Vergleichbare Technologien setzen wir auch im Storagebereich ein. Was uns hier von vielen unterscheidet ist, dass wir nicht nur vorausschauende Instandsetzung betreiben oder einzelne Aufgaben im Storagesystem optimieren. Wir haben einen vollautomatisierten Kreislauf und benötigen i.d.R. keine manuellen Eingriffe mehr. In der Cloud werden dazu Daten gesammelt und online zum Training des KI-Modells genutzt. Anschließend wird das jeweilige Modell zu den Managementsystemen und den Storage-Controllern übertragen und dort auf dedizierten KI-Prozessoren ausgeführt (Inferenz).
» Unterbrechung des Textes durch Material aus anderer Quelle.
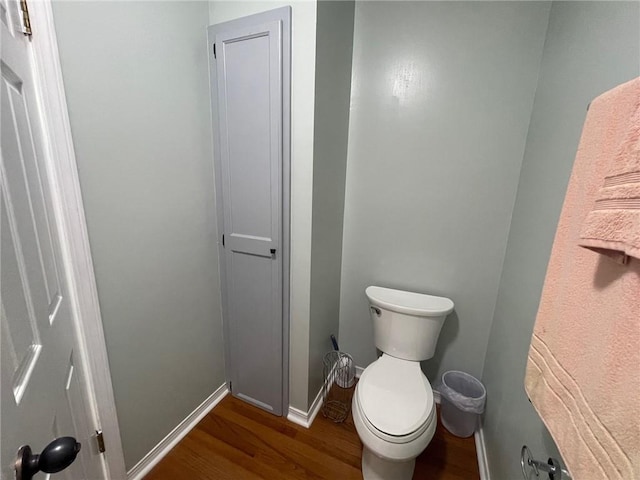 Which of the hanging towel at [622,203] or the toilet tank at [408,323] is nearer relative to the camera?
the hanging towel at [622,203]

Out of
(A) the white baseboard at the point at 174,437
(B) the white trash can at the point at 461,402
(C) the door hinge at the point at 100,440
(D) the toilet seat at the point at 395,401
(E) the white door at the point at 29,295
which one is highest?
(E) the white door at the point at 29,295

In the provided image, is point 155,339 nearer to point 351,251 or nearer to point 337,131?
point 351,251

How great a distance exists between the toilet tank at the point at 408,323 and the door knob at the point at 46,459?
1260 mm

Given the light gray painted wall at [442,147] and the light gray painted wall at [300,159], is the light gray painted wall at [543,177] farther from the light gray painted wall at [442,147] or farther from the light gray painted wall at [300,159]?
the light gray painted wall at [300,159]

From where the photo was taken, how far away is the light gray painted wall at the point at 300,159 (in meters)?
1.13

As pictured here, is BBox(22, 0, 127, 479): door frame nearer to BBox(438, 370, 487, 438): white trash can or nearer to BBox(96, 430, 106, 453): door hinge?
BBox(96, 430, 106, 453): door hinge

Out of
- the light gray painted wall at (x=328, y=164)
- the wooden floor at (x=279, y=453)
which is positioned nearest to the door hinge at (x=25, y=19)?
the light gray painted wall at (x=328, y=164)

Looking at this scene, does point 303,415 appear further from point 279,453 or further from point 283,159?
point 283,159

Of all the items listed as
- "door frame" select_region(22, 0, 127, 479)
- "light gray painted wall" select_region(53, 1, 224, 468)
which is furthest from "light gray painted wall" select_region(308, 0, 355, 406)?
A: "door frame" select_region(22, 0, 127, 479)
Wenn man es so will, lernen unsere Storagesysteme voneinander und werden mit der Zeit immer intelligenter. Das ist echte Autonomie!

Auch im Computebereich verwenden wir diese Technologie und gestalten immer mehr Prozesse autonom. Hier setzen wir auf vorbeugende Instandsetzung und können Fehler mit einer Genauigkeit von 93% und bis zu 30 Tagen vorher voraussagen. Sehr interessant ist eine Lösung, wie wir lastabhängig den Energieverbrauch der Computesysteme regulieren. Dabei werden nicht nur die Prozessoren gedrosselt, das kann ja jeder, sondern die energieintensiven Komponenten in den Schlafmodus versetzt. Das reduziert nicht nur die Energiekosten sondern schont auch unsere Umwelt.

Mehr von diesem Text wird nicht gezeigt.